GEOSAR 75 North Hydrographic Section
Country: Norway
PIs:  Truls Johannessen and Craig Neill (Uni Bergen)
Description:  The 75N line from  Akureyri, Iceland to either Tromsø or Bodø, Norway, will be occupied from 21 July until 5 of August 2006.  Measurements include CFCs, SF6, whole water column physics, CTD and ADCP,Total Carbon, Alk, Nuts, O2 and DOC,  underway TS, fCO2 and O2.
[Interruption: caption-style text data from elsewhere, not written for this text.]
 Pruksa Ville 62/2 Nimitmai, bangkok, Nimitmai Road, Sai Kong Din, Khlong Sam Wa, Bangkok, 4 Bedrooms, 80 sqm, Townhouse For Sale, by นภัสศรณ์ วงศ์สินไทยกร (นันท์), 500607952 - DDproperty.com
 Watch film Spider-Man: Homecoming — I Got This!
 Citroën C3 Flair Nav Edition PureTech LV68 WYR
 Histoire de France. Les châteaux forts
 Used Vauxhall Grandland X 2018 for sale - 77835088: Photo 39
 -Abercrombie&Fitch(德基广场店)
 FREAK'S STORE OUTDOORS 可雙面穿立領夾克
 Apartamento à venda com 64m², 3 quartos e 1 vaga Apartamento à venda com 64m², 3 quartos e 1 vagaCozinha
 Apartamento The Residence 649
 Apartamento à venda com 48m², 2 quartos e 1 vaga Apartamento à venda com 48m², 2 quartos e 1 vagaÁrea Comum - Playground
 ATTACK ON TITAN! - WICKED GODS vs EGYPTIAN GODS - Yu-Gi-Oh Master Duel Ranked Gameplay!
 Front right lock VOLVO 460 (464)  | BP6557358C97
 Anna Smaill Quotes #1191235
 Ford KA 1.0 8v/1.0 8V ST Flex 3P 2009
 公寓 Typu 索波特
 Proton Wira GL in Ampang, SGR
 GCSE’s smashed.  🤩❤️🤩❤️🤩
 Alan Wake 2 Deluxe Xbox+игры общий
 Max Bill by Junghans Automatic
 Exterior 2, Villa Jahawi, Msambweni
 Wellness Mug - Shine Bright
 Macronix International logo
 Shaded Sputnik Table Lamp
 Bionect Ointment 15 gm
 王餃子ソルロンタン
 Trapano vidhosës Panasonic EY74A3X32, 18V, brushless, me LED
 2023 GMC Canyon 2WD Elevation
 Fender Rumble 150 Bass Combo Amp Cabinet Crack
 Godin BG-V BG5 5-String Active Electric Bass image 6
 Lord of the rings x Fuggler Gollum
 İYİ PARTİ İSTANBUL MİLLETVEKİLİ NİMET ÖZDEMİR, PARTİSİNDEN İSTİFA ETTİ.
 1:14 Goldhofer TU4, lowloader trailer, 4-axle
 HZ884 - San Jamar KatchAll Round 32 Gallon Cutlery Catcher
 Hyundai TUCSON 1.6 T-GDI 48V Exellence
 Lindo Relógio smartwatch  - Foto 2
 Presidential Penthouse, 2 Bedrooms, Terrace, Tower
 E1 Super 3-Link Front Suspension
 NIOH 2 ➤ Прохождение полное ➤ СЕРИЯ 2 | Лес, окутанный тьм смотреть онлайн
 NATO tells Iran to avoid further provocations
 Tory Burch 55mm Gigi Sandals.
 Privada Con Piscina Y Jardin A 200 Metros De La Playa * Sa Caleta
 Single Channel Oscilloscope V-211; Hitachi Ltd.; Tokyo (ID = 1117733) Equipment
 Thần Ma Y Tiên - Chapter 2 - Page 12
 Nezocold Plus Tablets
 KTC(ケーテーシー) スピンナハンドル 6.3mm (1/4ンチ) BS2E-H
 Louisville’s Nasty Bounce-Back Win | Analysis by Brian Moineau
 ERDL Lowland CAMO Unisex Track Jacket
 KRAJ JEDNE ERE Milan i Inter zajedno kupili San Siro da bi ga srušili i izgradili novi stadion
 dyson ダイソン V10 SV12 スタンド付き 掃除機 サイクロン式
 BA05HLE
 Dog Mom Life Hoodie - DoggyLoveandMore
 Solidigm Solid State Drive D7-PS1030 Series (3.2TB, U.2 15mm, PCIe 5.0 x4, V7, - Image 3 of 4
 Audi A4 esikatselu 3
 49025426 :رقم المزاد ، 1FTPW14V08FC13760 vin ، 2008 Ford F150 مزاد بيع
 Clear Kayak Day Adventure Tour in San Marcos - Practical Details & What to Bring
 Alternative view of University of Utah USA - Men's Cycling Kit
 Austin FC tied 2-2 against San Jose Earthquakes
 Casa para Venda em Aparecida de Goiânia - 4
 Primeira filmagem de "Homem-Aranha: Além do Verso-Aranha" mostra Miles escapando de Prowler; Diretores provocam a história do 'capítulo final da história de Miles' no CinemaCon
Ocean Weather Station Mike Hydrographic Program
Country:  Norway
PIs: Ingunn Skjelvan (Uni Bergen)
Web-site:  http://www.oceansites.org/network/atlantic/OWSM_Apr05.doc
Description :  The hydrographic program of the OWS Mike time series station makes full water columnmeasurements of carbon variables approximately 4 times per year near the station at 66°N, 02°E. 

Nuka Arctica VOS line
Country: Norway
PIs: Are Olsen (Uni Bergen)
Web-site: http://cdiac.ornl.gov/oceans/VOS_Program/nuka_arctica.html
Description: This surface pCO2 line runs approximately monthly from Aalborg in Denmark to Nuuk in West Greenland. The R/V Nuka Arctica is a cargo ship operated by Royal Arctic Line.  This line has been operated since 2003 and should continue through 2009.  Measurements include surface pCO2, SST, salinity, atm pCO2,atm. pressure, wind speed, SAMI-CO2 system.

NORCLIFF North Sea Lines
Country: Norway
PIs:  Abdirahman Omar
Description:  This surface pCO2 line runs from Bergen to Amsterdam on a weekly schedule.  It has been operating since 2005.  This is part of the EU CarboOcean program funded until 2009.